**EXERCISE GOAL:** Transcribe exactly the line containing "Alpine, Texas. $10" and each line after it, through the end of the entries, with nothing before or after.

**INPUT DATA:**
== Segment start ==

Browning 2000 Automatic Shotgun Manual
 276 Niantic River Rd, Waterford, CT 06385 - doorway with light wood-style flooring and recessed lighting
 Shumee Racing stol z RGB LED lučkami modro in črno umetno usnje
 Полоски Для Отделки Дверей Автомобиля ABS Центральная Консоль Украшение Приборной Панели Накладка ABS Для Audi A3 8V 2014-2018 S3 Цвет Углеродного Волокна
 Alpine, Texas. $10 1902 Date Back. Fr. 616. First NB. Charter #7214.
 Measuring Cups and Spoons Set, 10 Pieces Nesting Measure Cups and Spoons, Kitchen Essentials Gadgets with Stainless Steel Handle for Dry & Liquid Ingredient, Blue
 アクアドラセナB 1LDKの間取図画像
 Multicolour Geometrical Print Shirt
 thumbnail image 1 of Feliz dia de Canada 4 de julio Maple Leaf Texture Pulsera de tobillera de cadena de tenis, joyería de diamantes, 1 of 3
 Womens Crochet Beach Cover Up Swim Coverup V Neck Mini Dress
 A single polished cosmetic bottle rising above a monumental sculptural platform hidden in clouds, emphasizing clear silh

== Segment end ==

**PROBLEM SOLUTION:**
 Alpine, Texas. $10 1902 Date Back. Fr. 616. First NB. Charter #7214.
 Measuring Cups and Spoons Set, 10 Pieces Nesting Measure Cups and Spoons, Kitchen Essentials Gadgets with Stainless Steel Handle for Dry & Liquid Ingredient, Blue
 アクアドラセナB 1LDKの間取図画像
 Multicolour Geometrical Print Shirt
 thumbnail image 1 of Feliz dia de Canada 4 de julio Maple Leaf Texture Pulsera de tobillera de cadena de tenis, joyería de diamantes, 1 of 3
 Womens Crochet Beach Cover Up Swim Coverup V Neck Mini Dress
 A single polished cosmetic bottle rising above a monumental sculptural platform hidden in clouds, emphasizing clear silh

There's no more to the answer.